Chapter 15

Smart Pointers

👋 Anyone can read and edit this exercise. Sign up to save your progress.

A pointer that cleans up after itself walks into a scope. Nothing leaks.

A smart pointer is a type that owns a value on the heap and runs cleanup automatically when it goes out of scope. The "smart" part is the cleanup: there's no free, no delete, no dispose(). When the owning binding drops, the destructor runs and the memory comes back.

If you've used C++, you already know the idea. Box<T> is Rust's std::unique_ptr<T>: one owner, freed on drop. Rc<T> is std::shared_ptr<T>: shared ownership via a reference count. Both patterns are an instance of RAII (Resource Acquisition Is Initialization): tie the lifetime of a resource to the lifetime of a stack value, and let scope exit do the cleanup.

If your background is Java, Python, or JavaScript, the comparison is trickier. A String in Java is a reference to a heap object that the garbage collector reclaims when no one is looking at it anymore. Those references are not smart pointers in the Rust sense: there is no single owner, and you don't know when (or whether) cleanup happens.
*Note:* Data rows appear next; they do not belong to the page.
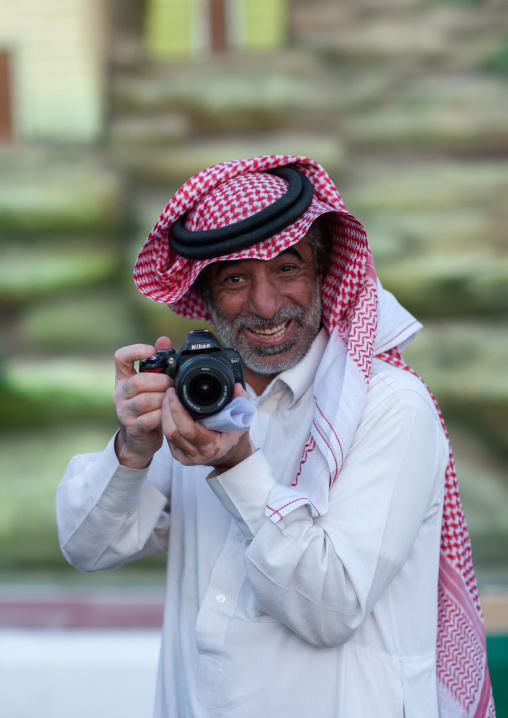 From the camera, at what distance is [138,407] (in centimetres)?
148

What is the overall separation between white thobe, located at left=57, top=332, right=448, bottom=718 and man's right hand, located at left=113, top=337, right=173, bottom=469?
0.17 ft

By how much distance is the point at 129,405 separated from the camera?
4.91 ft

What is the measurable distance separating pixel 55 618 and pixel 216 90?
136 inches

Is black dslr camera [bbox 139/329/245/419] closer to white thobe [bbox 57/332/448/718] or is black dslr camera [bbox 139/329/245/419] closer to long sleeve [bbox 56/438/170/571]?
white thobe [bbox 57/332/448/718]

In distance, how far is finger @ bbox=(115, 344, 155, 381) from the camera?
1597 mm

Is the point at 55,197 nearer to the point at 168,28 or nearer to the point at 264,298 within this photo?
the point at 168,28

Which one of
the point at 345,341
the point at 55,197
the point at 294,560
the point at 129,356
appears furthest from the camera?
→ the point at 55,197

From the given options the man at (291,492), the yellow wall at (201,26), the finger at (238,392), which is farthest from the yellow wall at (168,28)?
the finger at (238,392)

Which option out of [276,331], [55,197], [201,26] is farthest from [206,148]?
[276,331]

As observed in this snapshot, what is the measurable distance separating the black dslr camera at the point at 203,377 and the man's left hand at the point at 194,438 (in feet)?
0.05

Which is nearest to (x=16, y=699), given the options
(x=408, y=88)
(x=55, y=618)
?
(x=55, y=618)

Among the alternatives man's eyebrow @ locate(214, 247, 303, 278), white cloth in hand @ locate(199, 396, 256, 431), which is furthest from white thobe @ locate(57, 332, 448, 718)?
man's eyebrow @ locate(214, 247, 303, 278)

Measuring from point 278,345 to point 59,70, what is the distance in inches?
165

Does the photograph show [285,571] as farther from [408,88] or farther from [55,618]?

Rust's smart pointers give you the heap allocation without the GC, because ownership tells the compiler exactly when to drop.

What's in this chapter

  1. Box<T>: heap allocation with a single owner. The simplest smart pointer. You give it a value, it puts it on the heap, and it frees it when the box goes out of scope.
  2. Recursive types. Some types are impossible to write without indirection. A linked-list node that contains another node would be infinitely sized; Box gives the compiler a fixed-size handle to put in the struct.
  3. Box<dyn Trait>. Picking up where Chapter 14 left off. A trait object like dyn Shape doesn't have a known size, so it has to live behind a pointer. Box<dyn Shape> is the owned form, and it's what lets you store a Vec of mixed concrete types that all implement the same trait. The ? operator chapter (Chapter 17) uses the same trick with Box<dyn Error>.

Two more smart pointers worth knowing about

Real codebases reach for two other smart pointers often enough that they deserve a mention here, even though the exercises in this chapter focus on Box.

Rc<T>: shared ownership, single-threaded

Box<T> has exactly one owner. Sometimes you genuinely need several parts of a program to share ownership of the same value, and you can't predict which one will be the last to let go. Rc<T> ("reference counted") tracks the number of owners and drops the value when the count hits zero.

use std::rc::Rc;

let a = Rc::new(String::from("shared"));
let b = Rc::clone(&a);   // bumps the count to 2, no deep copy
let c = Rc::clone(&a);   // count is now 3
// When a, b, and c all go out of scope, the String is dropped.

Rc is single-threaded. The multi-threaded equivalent is Arc<T> ("atomically reference counted"), which you'll meet when concurrency shows up. C++ devs: Rc is shared_ptr without the atomic overhead, Arc is shared_ptr with it.

RefCell<T>: interior mutability

The borrow checker normally enforces "one mutable reference or many immutable ones" at compile time. RefCell<T> moves that check to runtime: you can hand out an &RefCell<T>, and someone holding it can still mutate the inner value by calling .borrow_mut(). If the borrowing rules are violated, the program panics instead of failing to compile.

If you're coming from Java, this is close to a field with a private setter: outside code holds an immutable handle to the object, but the object can still mutate itself. You will not need RefCell for a long time. It pairs with Rc to build graph-shaped data, and it shows up in some testing patterns. Mentioned here so you recognize the name when you see it.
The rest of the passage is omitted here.